▸ **Task description**: What you return must be an exact copy of the lines in the listing below between the line holding "VENTA DEPTO NUEVO EN DESCUENTO" and the line holding "Бургас - конкурс", inclusive, and nothing more.

::: Data records

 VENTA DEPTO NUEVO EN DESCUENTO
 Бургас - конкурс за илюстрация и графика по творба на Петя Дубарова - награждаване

::::::
::: Data records

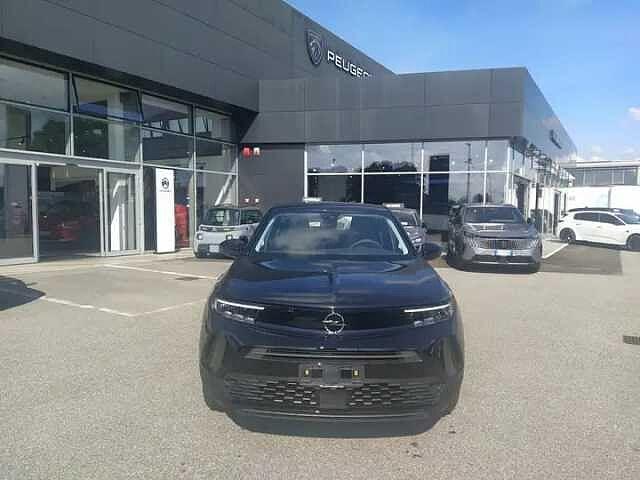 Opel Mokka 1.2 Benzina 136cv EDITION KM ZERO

::::::

▸ **Solved problem**:
 VENTA DEPTO NUEVO EN DESCUENTO
 Бургас - конкурс за илюстрация и графика по творба на Петя Дубарова - награждаване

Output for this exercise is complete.